Catalog demos massively parallel DNA storage search

Storage pioneer Catalog Technologies says it has made a historic breakthrough by demonstrating massively parallel search of data stored in DNA.

Update: Catalog explained how computing capabilities can increase the efficiency and cost-effectiveness of reading data back from DNA by orders of magnitude. December 19, 2022.

Catalog is developing DNA storage technologies based on encoding data in sections of synthetically produced DNA molecule groups rather than the slower method of encoding it in DNA molecules directly. The writing and reading of data will be done potentially by using lab-on-a-chip sequencing technology and Catalog is partnering with Seagate to develop this capability.

Hyunjun Park, Catalog founder and CEO, said in a statement: “This historic and transformational achievement is based on years of work with partners and collaborators that helped make DNA-based computation a reality.” 

Catalog encoded approximately 17,000 words (from Shakespeare’s Hamlet) into DNA in a few minutes on its Shannon DNA writing system. No pre-processing or DNA-based indexing of this data was carried out. It then ran a keyword search on this stored data and retrieved all occurrences of the query word.

Catalog DNA storage technology
Catalog DNA storage technology

It says the number of steps required in this search of the DNA-stored data would be approximately the same if the dataset had 170,000 or 170 million words instead of 17,000. This is due to the chemical processes (DNA storage sample rehydration and sequencing) involved being inherently massively parallel. 

Catalog says it is on track to demonstrate this search scalability on data sets containing over 100 million words by mid-2023.
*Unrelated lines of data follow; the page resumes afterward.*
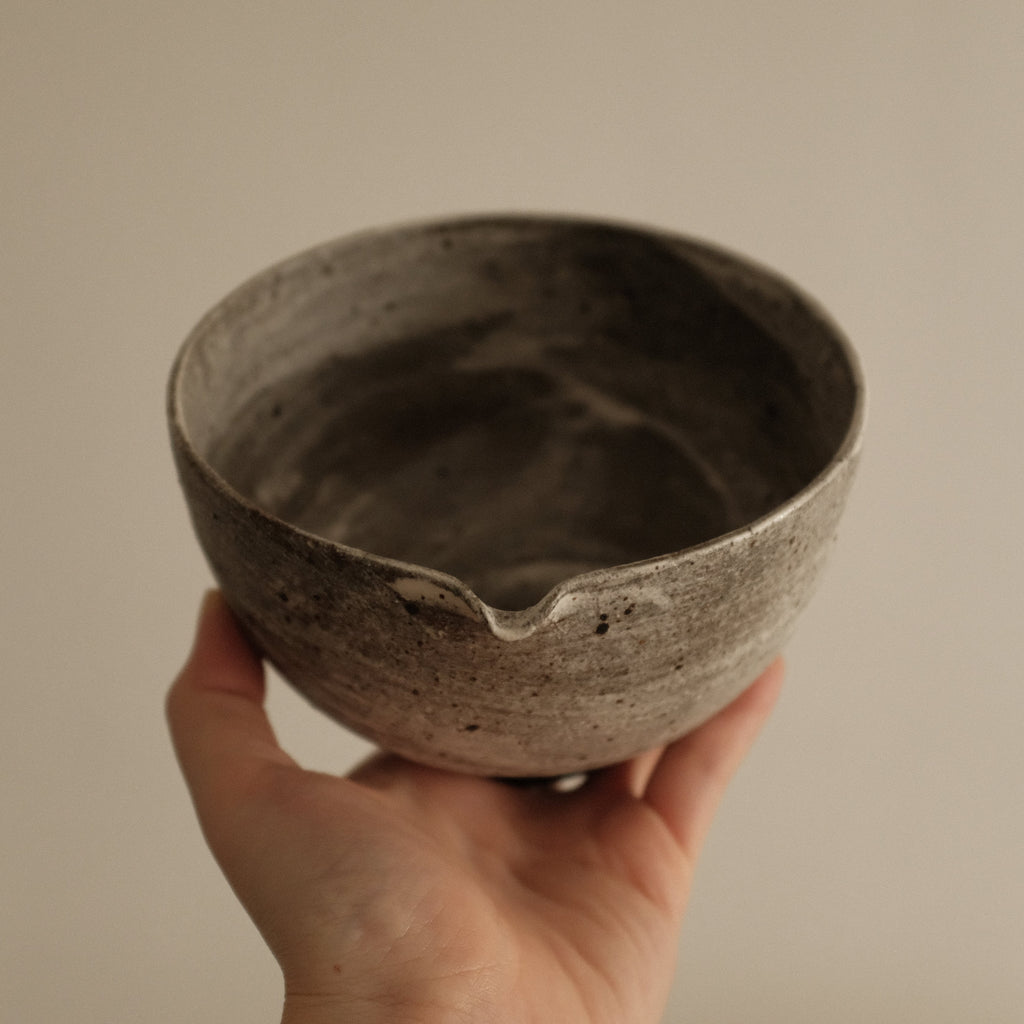 Yuli Handmade Speckled Grey White Katakuchi Chawan Matcha Bowl Powdered Glaze Underglaze Stoneware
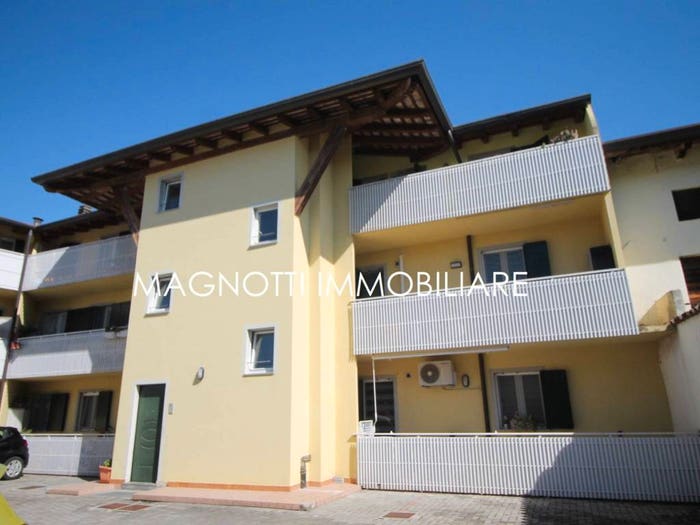 Appartamento trilocale in vendita in Via Basaldella, Zuglianoterenzanocargnacco, Pozzuolo del Friuli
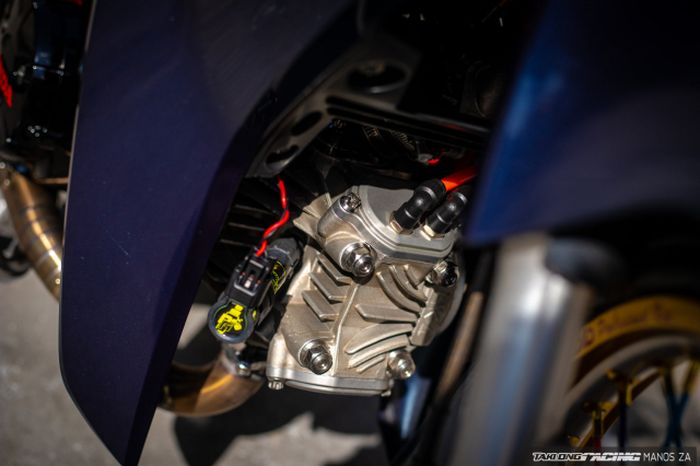 Leher knalpot turut diganti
Park said: “With the advantages of DNA-based data storage and computation demonstrated, we now turn our attention to addressing more sophisticated applications from signal processing to machine learning over massive datasets. In parallel, we are working closely with partners and collaborators to reduce the size and complexity of our platform and to identify specific workloads to target commercial offerings.”

But has Catalog actually demonstrated DNA-based computation? We could say that calling this computation is like saying a semiconductor chip that can only add is a processor. Catalog has demonstrated one specific aspect of a computation use case; keyword search. It is an amazing scientific achievement but do not start building end-of-life plans for tape archives or Ocient hyperscale data analysis systems just yet.

Catalog also says it has demonstrated how computing capabilities can increase the efficiency and cost-effectiveness of reading data back from DNA by orders of magnitude. Catalog explained how in a mailed message to us: “By computing chemically we were able to reduce the amount of data to be read by a sequencer to just the targeted search term. That is, the only DNA presented to the sequencer was, more or less, just the resultant DNA file from the chemical search. This netted a two orders of magnitude speed up in “reading” courtesy of avoiding having to read 99 percent of the DNA encoded data.” 

“This contrasts with using a sequencer to read all the data and then using conventional computing to decode and ascertain the content of the search.  Tests have shown that we would expect this result generally, without regard to the amount of data being searched.   Thus, any amount of data being searched will come down to a “cost” of about 1 percent of the total;  this is about  two orders of magnitude improvement in a data file of arbitrary size.”  

The data storage search area is receiving attention from AI-based semantic searchers like Nuclia. Catalog’s DNA storage and search technology relies, at the moment, on the massive potential capacity of DNA storage giving it physical space and cost advantages that tape, disk and SSD cannot match. If it can search exabytes, even zettabytes, of data in a massively parallel fashion then the technology has legs. 


This is quite slow writing IO in IT storage terms, as writing 17,000 x 5-letter words in three minutes equates to a write rate of 472 bytes/sec.